Abstract
Anchoring refers to a biased judgment on a stimulus based on the initial assessment of another stimulus and the insufficient adjustment away from that initial assessment. Previous research indicates that anchoring seems to be a general phenomenon, underlying a wide variety of processing strategies (Epley and Gilovich 2001; Johnson and Puto 1987; Tversky and Kahnemann 1974). Every time when individuals form an impression or an image about a stimulus while another stimulus is present, these impressions may be subject to anchoring effects.

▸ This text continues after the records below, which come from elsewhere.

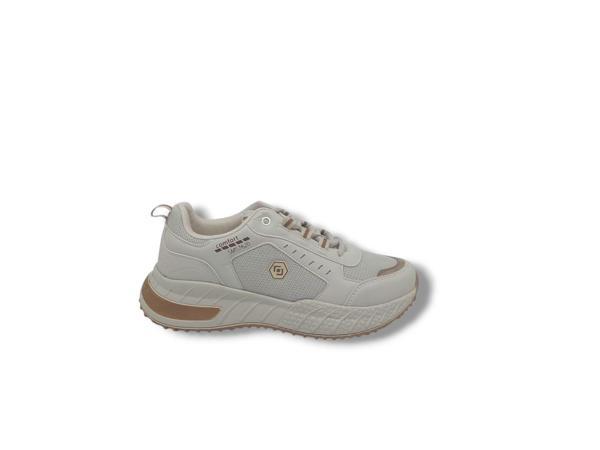 Zerhan 7620 Unisex Kum File Bağcıklı Spor Ayakkabı - Image 1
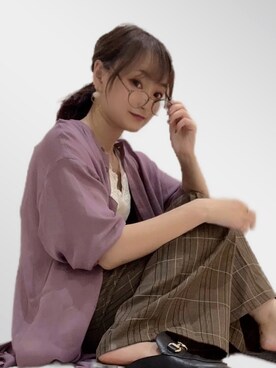 KEI☺︎さんのコーディネート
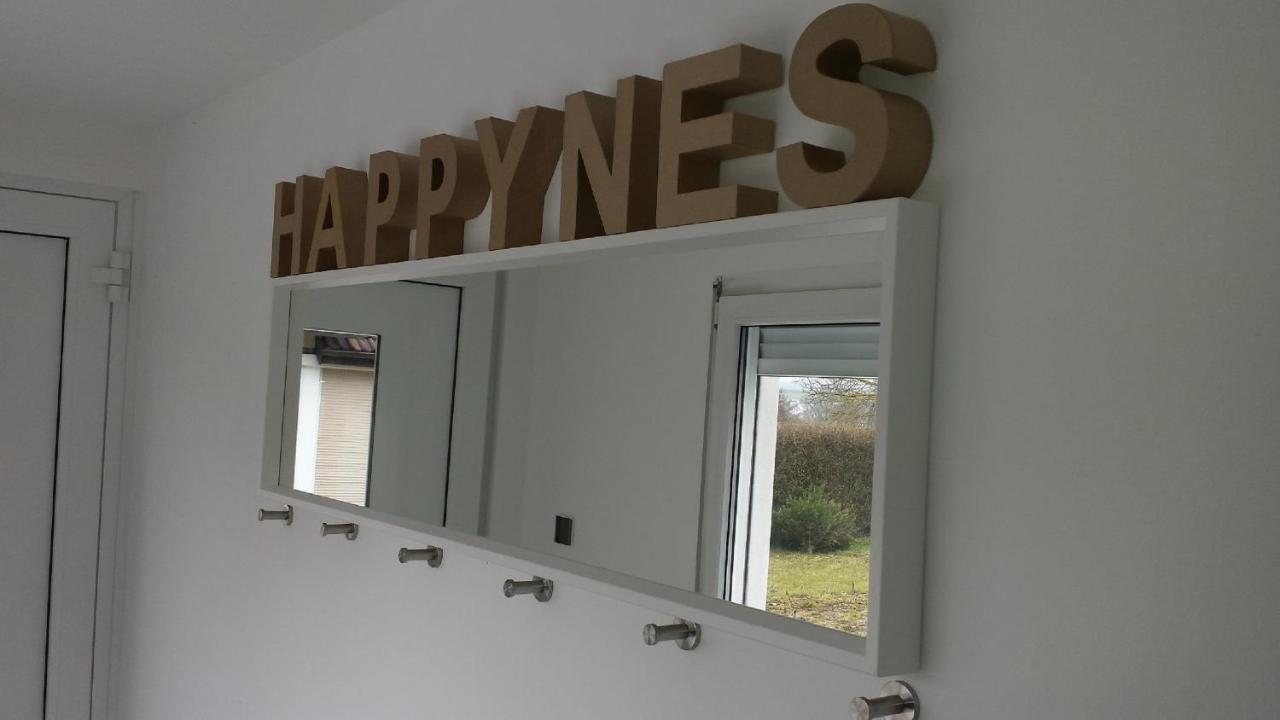 Ferienwohnung Happynes バート・ノイシュタット・アン・デア・ザーレ エクステリア 写真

Consumers regularly form images about brands and compare brands to other brands. We therefore propose that there will be an anchoring effect in image impressions about brands — a phenomenon that we will refer as "the brand anchoring effect." The brand anchoring effect can be investigated, for example, in the context of co-branded identities (e.g., cellular phones offered by the brand alliance Sony Ericsson). We propose that in these co-branding cases, one constituent stimulus (Sony or Ericsson) may serve as an anchor and affect the image structure of the co-branded identity (Sony Ericsson) as a whole. We test the brand anchoring effect in three studies, identifying characteristics of the co-branded entities that lead to one of the constituent entities to become the anchor. We derive our hypotheses on the basis of the Selective Activation, Reconstruction, and Anchoring (SARA) model (Pohl, Eisenhauer, and Hardt 2003), which is specifically designed to explain anchoring effects, and the customer-based brand equity model (Keller 1993, 2003).